128 Spring Street, Building C – Suite 500
Lexington, Massachusetts 02421
Re: Prospectus Supplement to Registration Statement on Form S-3
Ladies and Gentlemen:
This opinion is furnished to you in connection with (i) the Registration Statement on Form S-3 (File No. 333-224627) (the “Registration Statement”) filed by Curis, Inc., a Delaware corporation (the “Company”), with the Securities and Exchange Commission (the “Commission”) under the Securities Act of 1933, as amended (the “Securities Act”), for the registration of, among other things, shares of the Company’s common stock, $0.01 par value per share (the “Common Stock”), which may be issued from time to time on a delayed or continuous basis pursuant to Rule 415 under the Securities Act at an aggregate initial offering price not to exceed $200,000,000, as set forth in the Registration Statement and the prospectus contained therein regarding the offering, issuance and sale of up to $200,000,000 of the Company’s common stock, preferred stock and warrants (the “Base Prospectus”) and any amendments or supplements thereto; (ii) the preliminary prospectus supplement, dated December 8, 2020 (the “Preliminary Prospectus Supplement”); and (iii) the prospectus supplement, dated December 9, 2020 (the “Prospectus Supplement” and, together with the Preliminary Prospectus Supplement and the Base Prospectus, the “Prospectuses”) relating to the issuance and sale pursuant to the Registration Statement of up to 29,500,000 shares of Common Stock (the “Shares”), including up to 3,847,826 shares of Common Stock issuable upon exercise of an option to purchase additional shares granted by the Company.
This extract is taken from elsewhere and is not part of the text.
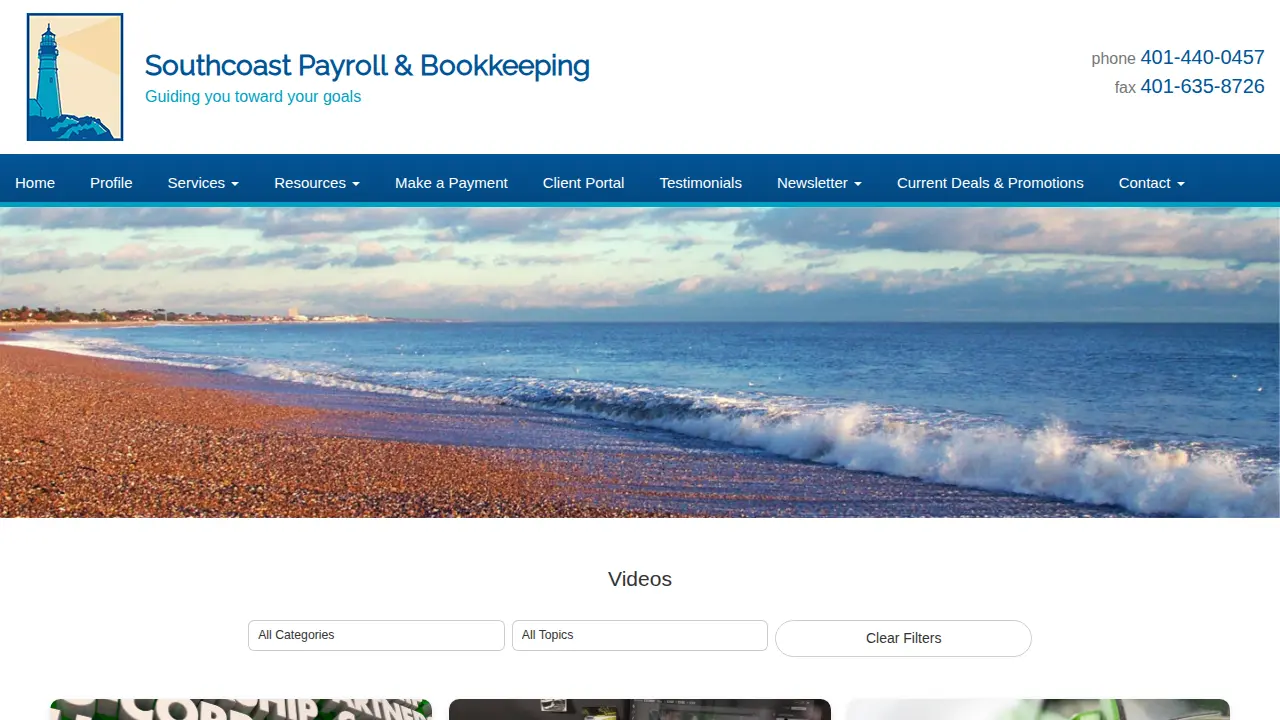 Southcoast Payroll & Bookkeeping page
The Shares are to be issued and sold by the Company pursuant to an underwriting agreement dated December 9, 2020 (the “Underwriting Agreement”), among the Company and Cantor Fitzgerald & Co., acting as representative of the underwriters named therein, the form of which is being filed with the Commission as Exhibit 1.1 to the Company’s Current Report on Form 8-K, to be filed on the date hereof.
We are acting as counsel for the Company in connection with the issue and sale by the Company of the Shares. We have examined a signed copy of the Registration Statement and copies of the Prospectuses, each as filed with the Commission. We have also examined and relied upon the Underwriting Agreement, minutes of meetings of the stockholders and the Board of Directors of the Company, including committees thereof, as provided to us by the Company, the Certificate of Incorporation and By-Laws of the Company, each as restated and/or amended to date, and such other documents as we have deemed necessary for purposes of rendering the opinions hereinafter set forth.